> Your task
Reproduce the records below exactly, but only between the lines holding "Teardrop Earrings - Japanese" and "Get over 200", inclusive.

> Supplied material
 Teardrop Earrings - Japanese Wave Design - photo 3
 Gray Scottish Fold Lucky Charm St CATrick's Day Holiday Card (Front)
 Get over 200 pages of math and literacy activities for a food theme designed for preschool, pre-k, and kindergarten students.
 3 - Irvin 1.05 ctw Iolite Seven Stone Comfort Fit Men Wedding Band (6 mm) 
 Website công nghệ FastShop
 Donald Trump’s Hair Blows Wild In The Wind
* * *
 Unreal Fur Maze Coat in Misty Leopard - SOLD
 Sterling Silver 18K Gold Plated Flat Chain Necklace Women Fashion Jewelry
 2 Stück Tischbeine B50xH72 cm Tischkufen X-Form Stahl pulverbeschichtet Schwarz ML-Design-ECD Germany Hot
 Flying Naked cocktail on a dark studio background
...
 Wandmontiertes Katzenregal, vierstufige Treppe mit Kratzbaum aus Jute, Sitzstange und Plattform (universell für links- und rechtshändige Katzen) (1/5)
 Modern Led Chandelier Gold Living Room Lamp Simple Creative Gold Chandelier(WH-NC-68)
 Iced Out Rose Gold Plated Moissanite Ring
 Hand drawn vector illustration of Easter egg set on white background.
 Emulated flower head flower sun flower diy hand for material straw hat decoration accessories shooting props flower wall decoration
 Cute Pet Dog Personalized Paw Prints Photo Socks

> Answer for the task
 Teardrop Earrings - Japanese Wave Design - photo 3
 Gray Scottish Fold Lucky Charm St CATrick's Day Holiday Card (Front)
 Get over 200 pages of math and literacy activities for a food theme designed for preschool, pre-k, and kindergarten students.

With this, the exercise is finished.